Reports suggest the mythical Apple television is closer than ever. Here are the elements it absolutely must have built-in in order to be successful.
Here we go...
Reports surfaced this week that Apple’s long-awaited television may be drawing closer to becoming a reality. The Cupertino company that conquered music, phones and tablets is said to be working with cable companies for a shot at doing the very same with TV. Working through the knotted mess of content creators, cable operators, and networks has proven difficult and time consuming. The upside? Such a long lead time has created plenty of opportunity for technology pundits and Apple fanboys alike to prognosticate on what an Apple TV might actually look like. Here’s our best guess.
(What did we miss? Let us know in the comments.)
Apps, apps, apps
A no-brainer. Apple’s iPhone helped popularize the notion of apps and, though some TV makers have tried, the concept hasn’t entirely made the jump to the tube. The iPhone turned dumb phones into smart ones through processing power and innovative applications that made use of that brawn. And Apple TV will have to do the same thing.
Yes, technically games are apps. But the importance of this specific type of app to the iPhone can hardly be overstated. Time and again, games have proven the most popular apps on phones — and much the same could be true of an Apple TV. Plus, games offer a way to dazzle consumers and show off how robust underlying hardware really is.
An amazing interface
Anybody who has tried to scroll through 500 channels knows something is very broken about televisions today. Apple’s intuitive, simple interface design will be an integral part of making its television product stand out.
The iPhone’s personal digital assistant is getting smarter with every new version. Because remotes have been a sticking point as televisions get smarter too, voice-based navigation could be essential. Imagine, for instance, telling your TV you’d like to watch the Mets game and having that channel automatically pulled up, rather than having to search through a clunky guide. A version of Siri that could detect motion, much like Microsoft’s Kinect for Xbox, would be even more useful in the living room.

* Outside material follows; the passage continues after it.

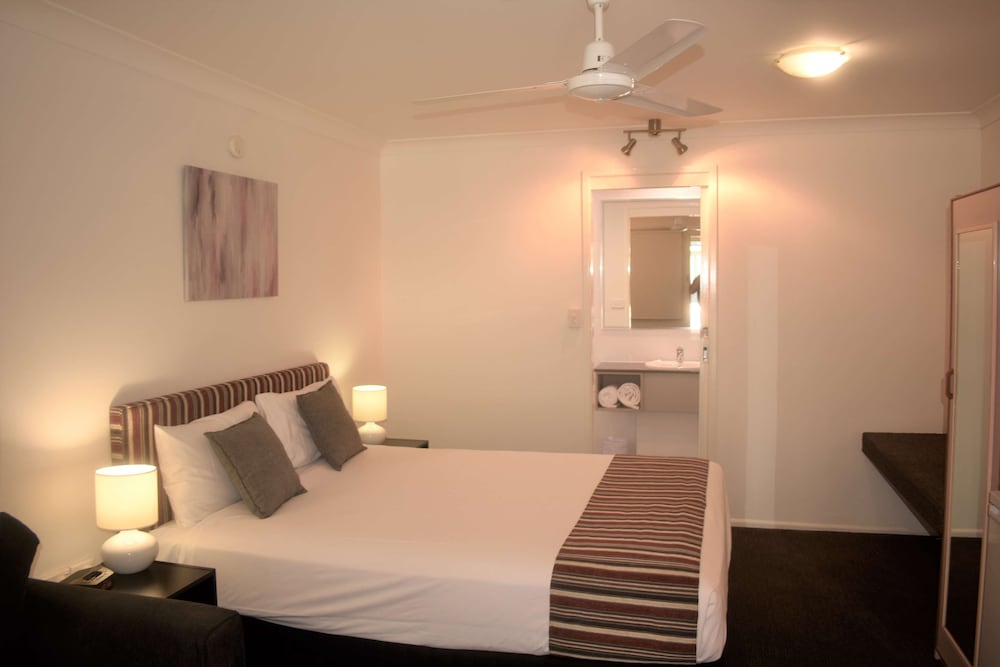Standard Room, 1 Queen Bed, Non Smoking - Photo 1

Connections to ... everything
Connecting to fast wireless networks and devices like the iPhone and iPad will be essential. It could also allow an ecosystem of accessories to grow up around the TV much like they have around other Apple gear.
Streaming out of the box
Just because live television would be priority doesn’t mean Apple should forget about video streaming services like Netflix and Hulu. Including the popular service, as it has on previous Apple TV devices, would go a long way toward making diverse sources of content available and helping position it as the ultimate digital living room hub.
Kill the cable box
One of the biggest problems that continues to plague the living room set-up are all those connections. Apple has often released products that simplify and streamline. This is an area that could seriously benefit by essentially replacing all the loose cables, cords and boxes.
Digital video recording
According to a report by Global Industry Analysts, nearly 338 million households will have Digital Video Recorders — a.k.a. DVRs — by 2018. That’s a huge market Apple could tap into if they toss in a hard disc, or even better, a solid state drive to record programming.
With over 400 million active iTunes accounts, music clearly remains a strong business for Apple. And just as it’s done with previous devices, the ability to play that music from a living room system would be an added bonus. Even better: add compatibility for popular third-party services like Pandora and Spotify.
Having a globally-compatible device may sound utopian, but why should, say, North America be the only region to benefit from the device? Wrangling contracts with global cable providers would obviously take time.
Killer design (natch)
Given Apple’s perfectionist attention to design, the biggest question will likely be what this new brand of Apple TV will look like. As feature-deprived as Google’s recent Nexus Q was, the black, metallic orb raised the bar as far as living room industrial design is concerned. Apple can probably do better.